Eligible patients can receive an eye examination and be provided with prescribed optical appliances in accordance with a national schedule of approved optical appliances.
All children, including those not covered by a medical card, receive a vision screen while in national school from a Public Health Nurse. The Health Service Executive (HSE) provides optical services free of charge to pre-school children and national school children referred from child health service and school health service examinations who are discovered to have sight problems. These children are referred to the appropriate consultant for treatment. In such circumstances, these services will continue to be provided until the child has reached the age of 16.
The Health Professionals (Reduction of Payments to Ophthalmologists, Optometrists and Dispensing Opticians) Regulations 2013 (SI 274 of 2013) sets the fees for optometrists and dispensing opticians under the Community Optometric Services, Community Spectacle Dispensing Services and Health Amendment Act Card Schemes.
Increasing the fee payable to contractors for a standard eye examination under the COSS (to ensure parity with that payable for the same exam under the Department of Social Protection’s Treatment Benefit Scheme) is a priority for my Department, and work with stakeholders is ongoing in this regard.
The Department has also been meeting with Optometry Ireland to discuss the contribution that optometrists provide to our healthcare service and how this contribution could be further expanded.
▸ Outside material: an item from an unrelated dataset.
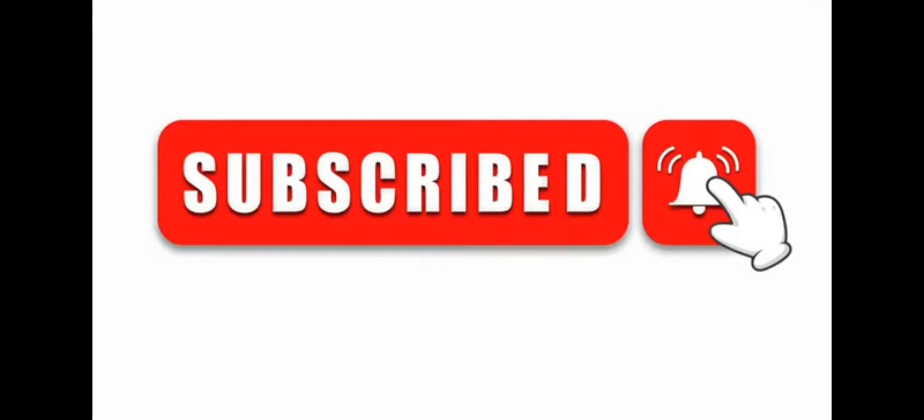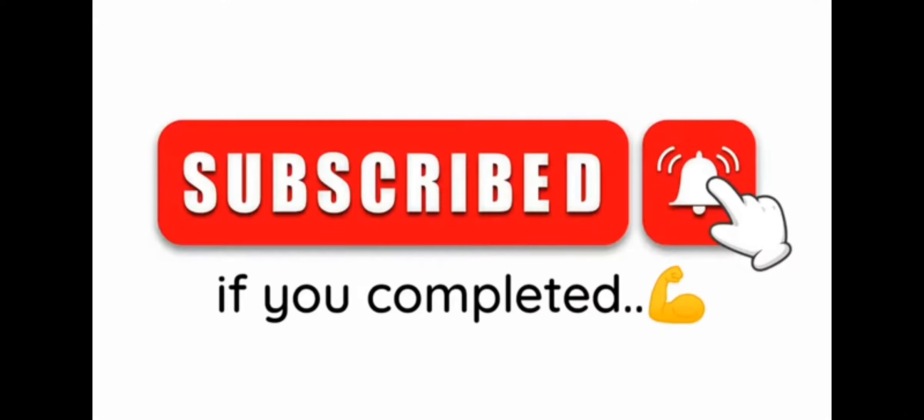Now, level 2. Find the odd emoji in this image. Subscribe if you completed this level also.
The HSE Primary Care Eye Services Review Group Report, published in June 2017, highlighted the limitations of the current model of service delivery and set out the way forward for a significant amount of eye services to be delivered in a primary care setting. The Report estimated that 60% of existing outpatient activity could be moved to primary care thus enabling hospital services to focus on patients who require more specialist diagnostics or treatments.
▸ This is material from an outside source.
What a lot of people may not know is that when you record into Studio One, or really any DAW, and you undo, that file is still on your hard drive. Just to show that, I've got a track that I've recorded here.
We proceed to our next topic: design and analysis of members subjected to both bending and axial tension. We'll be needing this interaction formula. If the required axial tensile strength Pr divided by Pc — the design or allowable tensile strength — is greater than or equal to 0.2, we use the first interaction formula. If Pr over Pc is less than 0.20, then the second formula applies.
The National Clinical Programme for Ophthalmology developed a model of care, also published in 2017, detailing how the realignment of eye services from the acute hospitals to the community will be undertaken. Included in current priorities is transferring the care of children aged 8+ years to the care of local private optometrists. The HSE have forwarded a detailed implementation plan with costings which is being considered by the Department.
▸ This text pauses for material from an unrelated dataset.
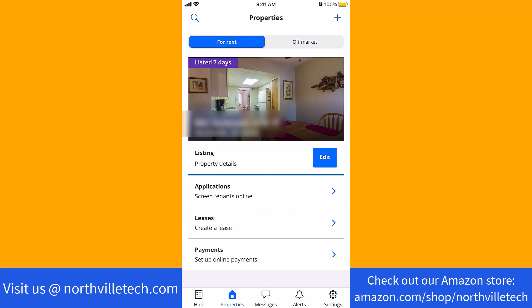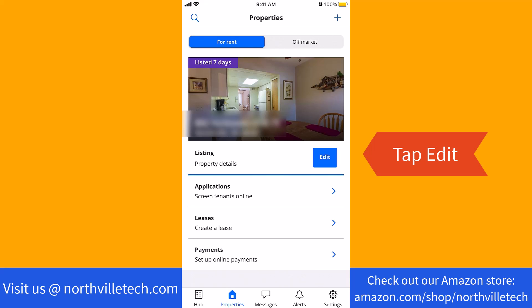On this screen, you will see a section for listing. Beside it is an Edit button. Tap on the Edit button.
There will be engagement between my Department and the Department of Public Expenditure, National Development Plan Delivery and Reform during the Estimates 2025 process in regard to the funding needed to progress healthcare priorities, including the provision of eyecare.
I believe that there is a real opportunity to work collaboratively with community optometrists, and with other healthcare providers, to make a significant difference to patient outcomes. Of course, any publicly funded ophthalmic service expansion should address unmet public healthcare needs and improve access to public health services while ensuring value for money.